# Impossible to have solution to the equation. Induction Proof Problem

1. Mar 16, 2013

### M1ZeN

1. The problem statement, all variables and given/known data

For all integers n, it is impossible to have a solution to the equation

4^n = a^2 + b^2 + c^2

where a, b and c are all positive integers. (Hint: Notice that 4^n = 2^2n is a perfect square. Show (prove) that if m^2 = a^2 + b^2 + c^2, then we must have that a, b and c are all even. This can be done without induction; just think about what remainders a perfect square can leave when divided by four.)

2. Relevant equations

None in accordance from the chapter. I'm in a discrete mathematics course and this problem's chapter is on Induction. With the previous chapter before it was dealing with standard logic proofs.
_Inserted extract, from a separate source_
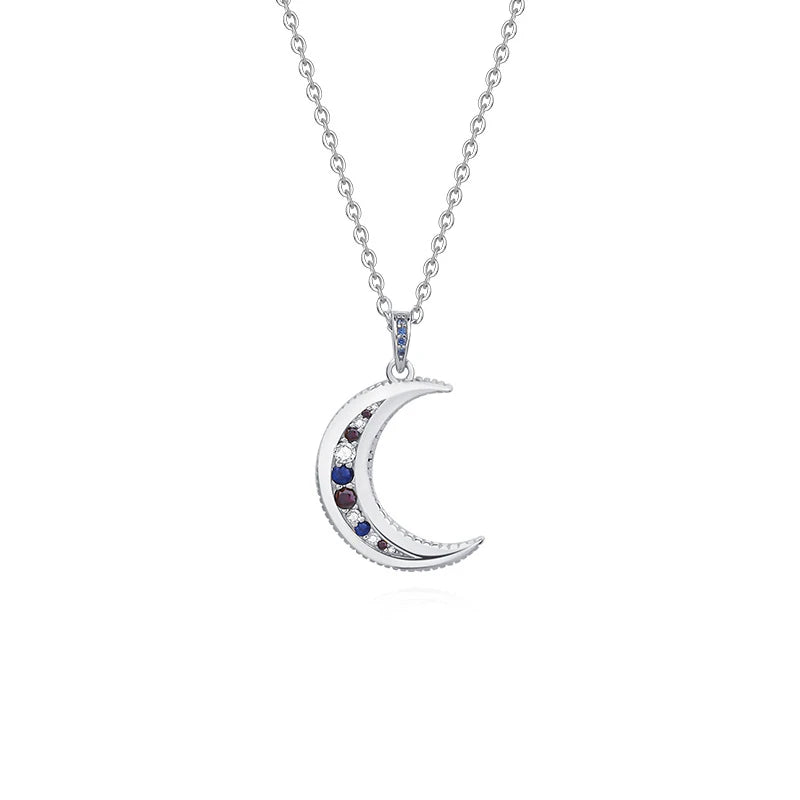925 Silver Moon Pendant Necklace Colorful Zircon Women Jewelry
3. The attempt at a solution

The only idea I could think of to attempt with is using the proof method of induction just like how I have used in the previous problems of my homework. By induction proof method, I mean the procedure of plugging in "n=1", to see if the proposition is true and continuing after by plugging in "n+1" etc. I'm just not sure how to adjust this problem to solve it by using induction.

2. Mar 16, 2013

### Dick

The way you want to solve it is not quite the same as that form of induction. If n=0 then there is no solution. It's easy to check for n=1 there is also no solution. So if there is one, there must be a SMALLEST value of n that gives a solution. If you've figured out why a, b and c must all be even then you should be able to show that there is also a solution for a SMALLER value of n. That would be a logical contradiction of n being the SMALLEST. Hence there is no solution. Can you fill in the details?